Events in Physics

The physics of the Quantum Hall bilayer systems at filling fractions near \nu=1/2+1/2 is marked by a transition from a compressible phase with strong intralayer correlation to an incompressible phase with  strong interlayer correlations as the layer separation d is reduced below some critical value.? Deep in the intralayer phase (large separation) the system can be interpreted as a fluid of composite fermions (CFs), whereas deep in the interlayer phase (small separation) the system can be interpreted as a fluid of composite bosons (CBs).       

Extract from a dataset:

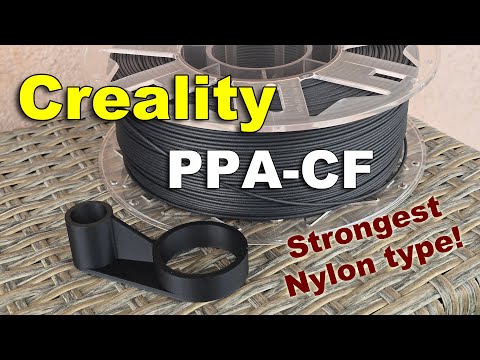 Creality PPA-CF filament review, the strongest nylon type I tested so far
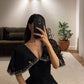 White/Green/Black simple elegant cape style embroidered long Prom Dress evening dress party dress nv2421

We present evidence for a phase with interlayer pairing occurring for d \gtrsim \ell_0 , which is continuously connected to the CF liquid at large layer separation [1]. Our understanding of this phase derives from the      formulation of trial wavefunctions for the ground-state of the quantum Hall bilayer, relying on the comparison to exact results for small systems. We find that p-wave paired CF wavefunctions provide an exceedingly good description of the ground-state for d \gtrsim \ell_0 with \ell_0 the magnetic length. To capture the physics at smaller layer separation, we generalize the reasoning of [2] and introduce the idea of modified pairing wavefunctions by allowing the CFs to be replaced continuously by CBs [3]. Thus, we construct exceedingly good wavefunctions for interlayer spacings of d \lesssim \ell_0, also. The accuracy of the wavefunctions discussed here, compared with exact diagonalization,  approaches that of the celebrated Laughlin wavefunction.